When it comes to their onboard product, as of now all of United’s 777-300ERs have Polaris seats (since all these planes are newly delivered), while five of the 14 Boeing 767-300ERs have been reconfigured with Polaris seats. No 777-200s or 787s with Polaris seats are in service yet. That will be changing very shortly.
We’ve known that the 777-200ER is the next plane to be reconfigured, and the first such plane will be in service shortly. United’s first 777-200ER with Polaris seats, with tail number N786UA, will fly from Xiamen to San Francisco tomorrow. Presumably the reconfigurations on the plane are done and have been approved, and the plane can now enter service.
United is doing their reconfiguration work in Xiamen, and at the moment they have three more planes there, so hopefully within the next few weeks we’ll have four 777-200ERs with Polaris seats in service.
United will first be reconfiguring their three cabin Boeing 777-200ERs, which are the ones most in need of a refresh. These are the planes with eight seats per row in business class, and with first class cabins (which are being eliminated).
We don’t yet know on what routes United will fly the first few 777-200ERs, though I do imagine they’ll be assigned specific routes, since the configurations are very different than the aircraft they’re replacing.

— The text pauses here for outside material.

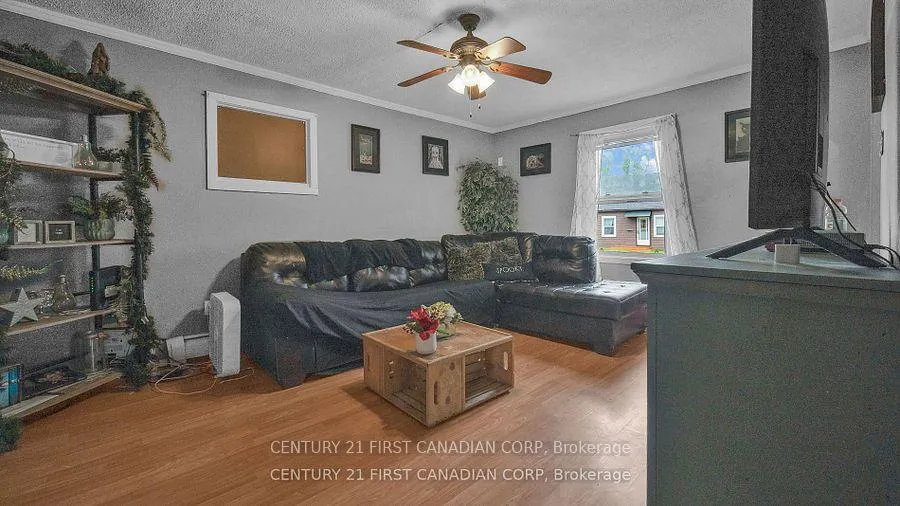Photo 13 of 19 Montgomery Drive, Chatham-Kent, Wallaceburg — HOMEH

In terms of the configurations of these planes, United’s three cabin 777-200ERs currently feature eight first class seats, 40 business class seats, and 221 economy seats. The reconfigured 777-200ERs will feature 50 business class seats and 242 economy seats, as they’re going from a 3-3-3 configuration in economy to a 3-4-3 configuration.
This reconfiguration is bad news for those in economy, though it’s great news for those looking to upgrade, because United is actually increasing premium seat capacity. United will have significantly more business class seats than their competitors — American is reconfiguring 777-200s with 37 business class seats, and Delta with only 28 business class seats.